> _Task goal_:
Records follow. Print exactly the lines from the one that has "Инна Соколова" through the one that has "Krispy Kreme Doughnuts", inclusive, and omit the pictures.

### Records to use ###

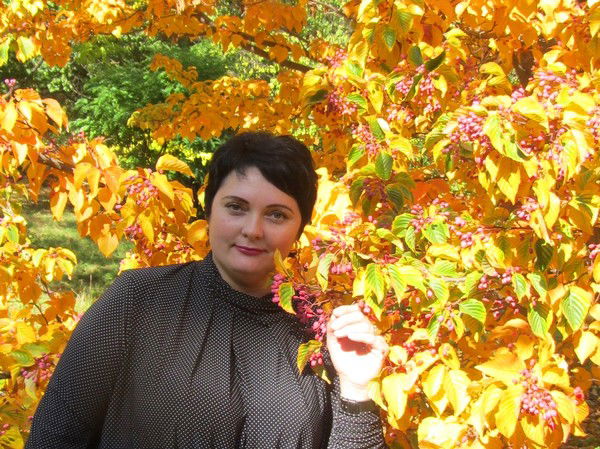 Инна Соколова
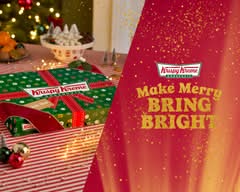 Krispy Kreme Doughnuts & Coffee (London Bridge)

###
### Records to use ###

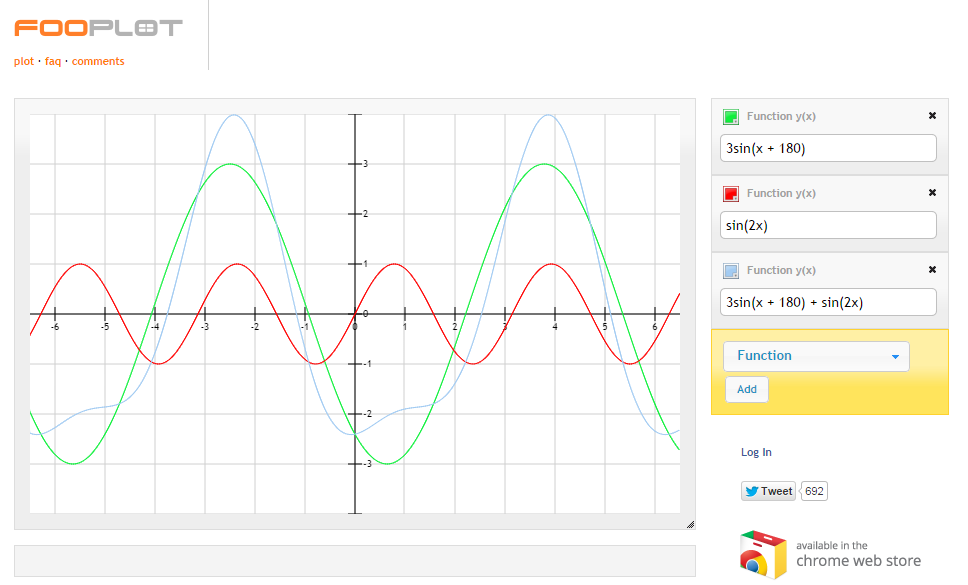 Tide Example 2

###
### Records to use ###

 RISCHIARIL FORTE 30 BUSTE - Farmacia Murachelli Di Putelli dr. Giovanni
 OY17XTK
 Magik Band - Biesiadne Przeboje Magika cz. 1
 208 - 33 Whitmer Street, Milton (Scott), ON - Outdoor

###

> _Exercise output_:
 Инна Соколова
 Krispy Kreme Doughnuts & Coffee (London Bridge)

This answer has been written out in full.